Todas las burocracias y organizaciones que manejan fondos públicos tienen tendencia a agrandarse y a generar argumentos que justifiquen su existencia y necesidad de ampliación permanente. Además, al ser instituciones globales, carecen hasta de los organismos concretos de control y auditoría que vigilen su funcionamiento. ¿En manos de quiénes están estas organizaciones? De la pseudointelectualidad progresista, que fue bombardeada por la más exitosa estrategia de inteligencia de la historia: la de la infiltración ideológica de la KGB en Estados Unidos y Occidente.
Como bien lo explicó el exespía soviético Yuri Bezmenov, la URSS dedicó la gran mayoría de sus recursos de inteligencia en la subversión ideológica del mundo capitalista. Aunque el comunismo fracasó como modelo político y económico (dejando atrás una tragedia en términos humanitarios), hay que reconocer que el éxito de la infiltración intelectual en Occidente fue total. La mayoría de los funcionarios de la ONU o los burócratas de la Unión Europea, que manejan estos presupuestos millonarios, para implementar ciertas agendas en los países donde ejercen influencia, son la segunda o tercera generación de “idiotas útiles”. Lamentablemente, la mayoría ya son irrecuperables en materia de formateo mental. No son parte de un complot internacional, ni mucho menos. Son los “dueños” de instituciones que merecen ser desfinanciadas en muchos de sus programas, desde políticas públicas racionales de los países miembros. No combatidas desde la negación de la virtuosísima globalización, para reemplazarla por un nacionalismo arcaico. Esas ideas fueron las que generaron en el mundo las tragedias sangrientas que concluyeron en la creación de estos organismos, lamentablemente hoy influenciadas por el viejo marxismo, pero con una gorda billetera.
Todo esto es parte del plan efectivo y eficiente de los agentes de inteligencia soviéticos, que llevan muertos más de medio siglo, pero con un éxito que ni se animaron a soñar en vida. Claro que hay un problema real que combatir desde lo que conocemos conceptualmente como “Occidente”. No es un enemigo imaginario llamado globalismo y no es desde el fracasado nacionalismo. Si esa llega a ser la hoja de ruta para combatir a la izquierda actual, el mundo estaría en un retroceso peligroso y en un loop del terror. La antítesis del socialismo es el liberalismo. Nunca el fascismo, que al fin y al cabo es colectivista como el comunismo.
El que no es de izquierda, es fascista
Si algo falta para complementar la decadencia del debate político, y los divagues retóricos de derecha, es el discurso falaz y demodé de un socialismo que está por recibir su segunda muerte.
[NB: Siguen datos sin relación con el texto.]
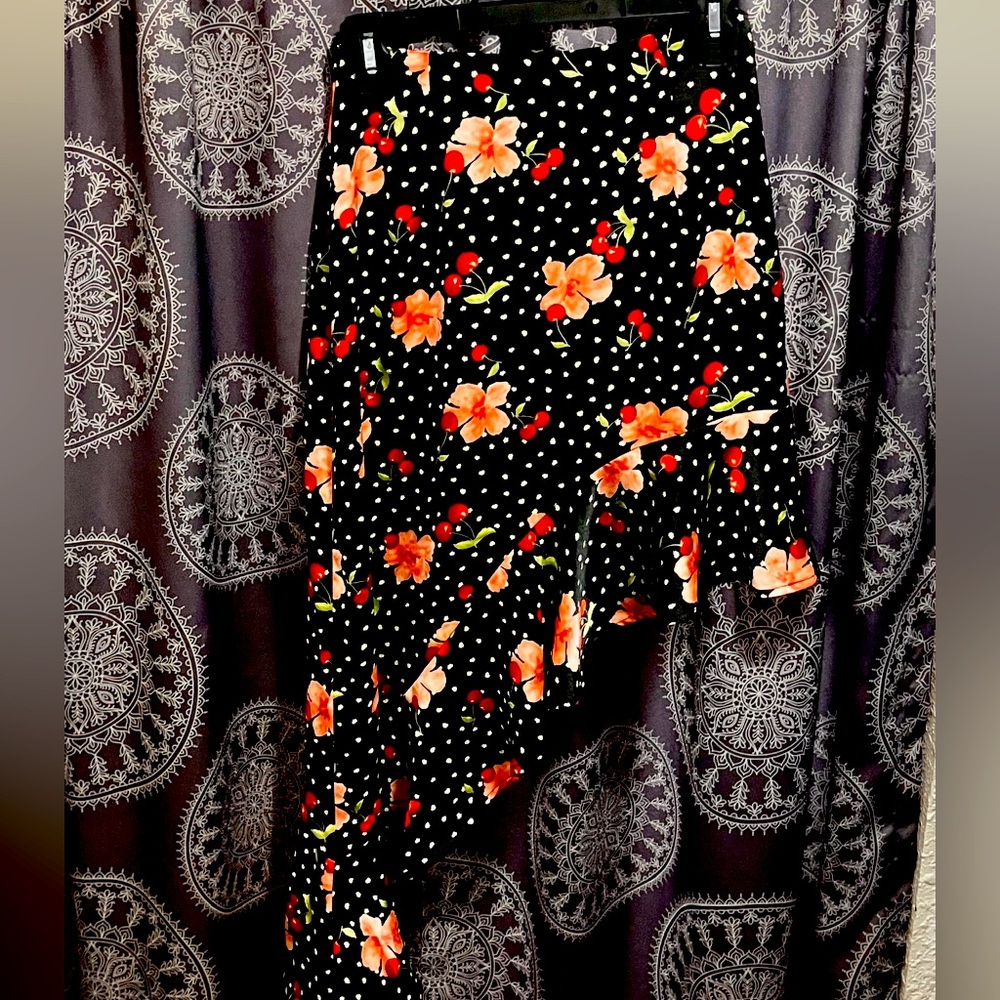 Asymmetrical satin ruffled skirt with polka dots,flowers & cherries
La primera fue la predecible hecatombe soviética, del experimento que se quedó en la “dictadura del proletariado” sin poder llegar nunca a la utopía comunista, pero dejando millones de muertos en el camino. La segunda viene de la mano de los gobiernos autoritarios que llegaron mediante elecciones, para luego instaurar dictaduras colectivistas, pero también de las socialdemocracias cooptadas por la izquierda dura.
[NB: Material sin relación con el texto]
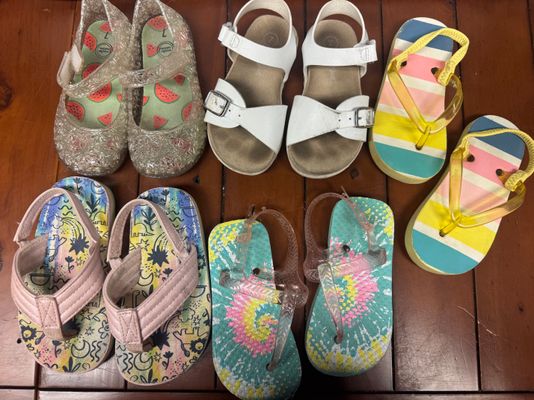 Mostly Cat and Jack. Size 7, sandal lot. Mostly Cat and Jack. Size 7, sandal lot. 7 (Lil' Kid)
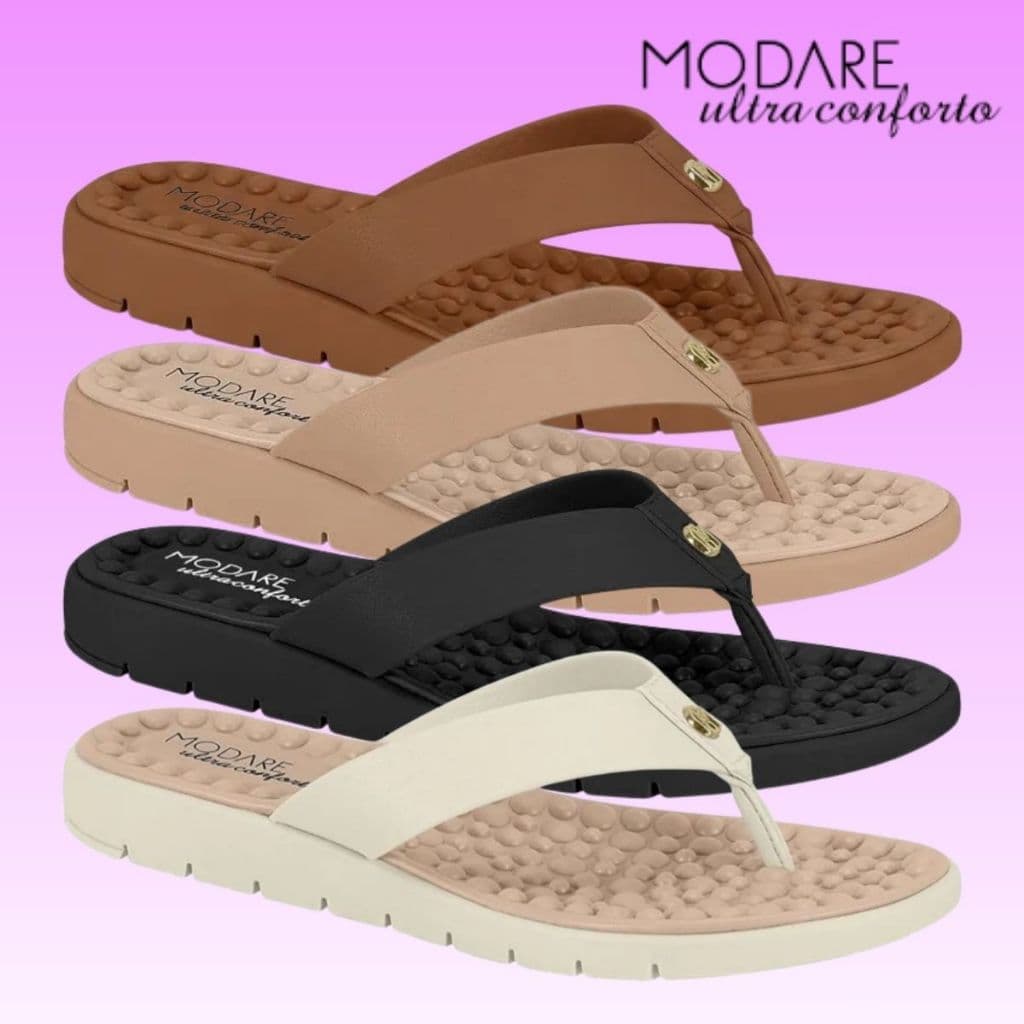 Chinelo Feminino Modare Ultra Conforto Palmilha Massageadora Antiderrapante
Pero, sin percibir que están pasando de moda, los supuestos progresistas siguen con las falacias de hace dos décadas. Todos los que no piensan como ellos son “fascistas” y de “ultraderecha”. Estos términos, al igual que el absurdo globalismo, también llegó hace tiempo a las bibliografías, a los textos de formación y a los artículos periodísticos. En la gran mayoría de los medios de comunicación, se denomina al brasileño Jair Bolsonaro como de “extrema-derecha” o a la italiana Giorgia Meloni como “neofascita”. En materia de terminología política, muchas veces no hay diferencia entre los portales masivos y los pequeños medios de la izquierda marxista leninista.
Si vamos al origen de los términos “izquierda” y “derecha”, llegamos hasta los días de la Revolución Francesa. A la izquierda del parlamento, estaban los que planteaban erradicar los privilegios del antiguo régimen. A la derecha, los que buscaban mantenerlos. Que en el siglo XX se haya denominado al “capitalismo” (por así decirlo a grandes rasgos) como “la derecha” y al socialismo, como la izquierda, ya es avalar la visión del mundo desde la perspectiva soviética. Es reconocer al modelo de propiedad privada y economía de mercado como el universo de los privilegios de clase y al comunismo como la herramienta revolucionaria emancipadora.
¿En qué cabeza entra que una gestión como la de Bolsonaro, que terminó con muchos privilegios de los sindicatos y privatizó varias empresas estatales sea catalogada como funcional al statu quo? Aunque ponga los pelos de punta a los partidarios de Lula (y a los de Bolsonaro) técnicamente, la reacción “conservadora” es el intento de retorno del PT. Pero puede que muchos todavía no estén listos para este debate.
No menos delirante es la exclusiva categorización de “fascista” que le hace todo el espectro político, por ejemplo, a la nueva mandataria italiana. Si nos ponemos puntillosos para retroceder en el tiempo con el fin de asociar la fuerza política de Meloni con Mussolini, ¿qué tenemos para decir del Partido Justicialista argentino, que no solamente se creó a “imagen y semejanza” del proyecto del Duce, sino que sigue defendiendo las propuestas corporativas del fascismo original? Claro que hay cuestiones preocupantes en la nueva derecha italiana, pero es justo saber de qué lugar se la increpa. Sin dudas hay un retroceso en las instituciones democráticas cuando se mezclan cuestiones religiosas con las políticas públicas o los proyectos delirantes como rotular como delito penal la subrogación de vientre. Pero el cuestionamiento lógico de estos asuntos es el del liberalismo, del Estado laico, del gobierno limitado y de la economía de mercado. No del socialismo, que tiene tanto de fascista como la ultraderecha más rancia.
La característica más vigente del fascismo en las últimas décadas fue la imposición de los valores de la izquierda contemporánea a través del Estado, pero también mediante “la cultura de la cancelación”, también financiada en parte por fondos públicos. Pero, en lo concreto, ¿qué significa el fascismo conceptualmente? La simbiosis entre el Estado, el gobierno y el partido. Es decir, lo que representa la esvástica: la apropiación del todo por parte de una facción que dice representar al bien común. El nacionalsocialismo alemán o el fascismo italiano (de nuevo, en el marco conceptual) no es más que el kirchnerismo en su máxima consecuencia y expresión. No para exterminar a los judíos, para proliferar la raza aria o para invadir el mundo. Pero sí para adueñarse de los poderes del Estado en nombre del pueblo. Antes de la primera vuelta en Brasil, desde una universidad pública bonaerense, Axel Kicillof hizo un “cierre de campaña” en favor de Lula. ¿Qué es esto sino fascismo en su máximo esplendor? Paradójicamente, los asistentes del acto consideran que Bolsonaro era el fascista. Sí, los partidarios de un espacio político que usó el gobierno para la apropiación de las instituciones estatales. Los fascistas son ellos, pero se “autoperciben” demócratas. No lo son.